[mlpack] GSoC-2021

Omar Shrit omar at shrit.me
Thu Mar 18 15:12:34 EDT 2021


Hello Gopi,

Sorry, I am forgot to answer you earlier (A little bit busy), thanks for the ping.

On 03/18, Gopi Manohar Tatiraju wrote:
> Hey Omar,
> 
> Thank you soo much for such detailed replies and inputs.
> 
> I see that there are many things that we need to get in order before we
> start working on this idea.
> I think we should start from this point:
> 
> 1) It would be nicer to have mlpack as header-only by moving these
> > implementations into header files.
> 
> 
> I went through the mlpack/core/data/ directory and List of .cpp files in
> core/data
> 
>    1. detect_file_type.cpp
>    2. load.cpp
>    3. load_csv.cpp
>    4. load_image.cpp
>    5. save_image.cpp
> 
> The convention we follow in mlpack is having two .hpp files, one for
> declarations and one for implementations.

The convention is related to classes that are defined as
class-template. I do not think it is possible to convert an implementation
file to `_impl.hpp` if the class is not a class template.

Therefore, you can put the entire implementation in the header, where
the class is defined.

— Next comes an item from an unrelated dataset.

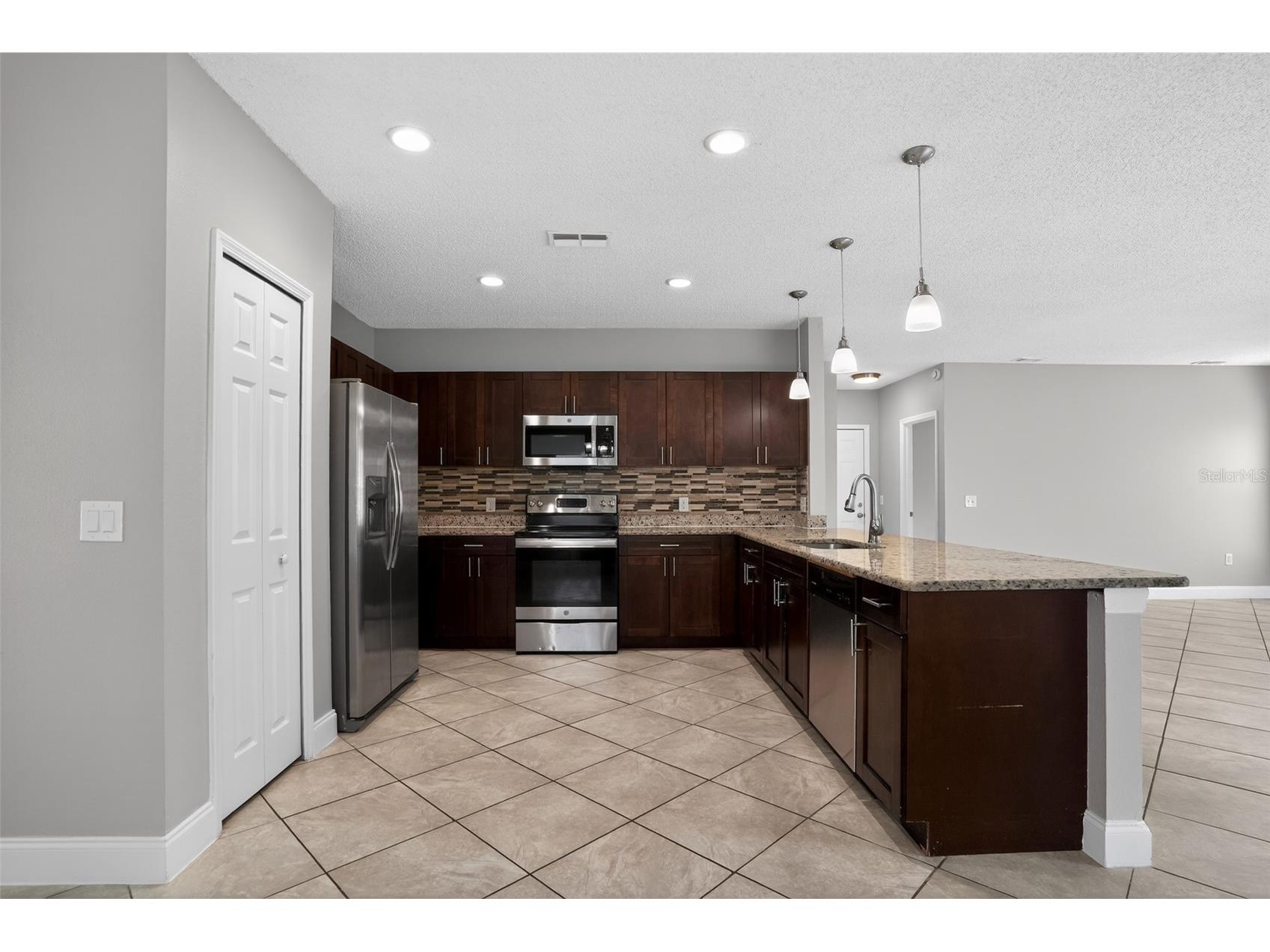 202 Amesbury Lane Kissimmee FL 34758 TB8496400 image11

There are several disadvantages of putting everything
in one place, for instance, increase compilation time and binary footprint.

It would be nice to have a small prototype and a benchmark to see how
much time the compilation time will increase, since we are trying to
reduce these numbers.

I did not look into the code yet, but I do not see anything that might
prevent from having everything in the headers.

Also, do not worry about details such as convention, these can be seen
later especially if a prototype comes back with good results.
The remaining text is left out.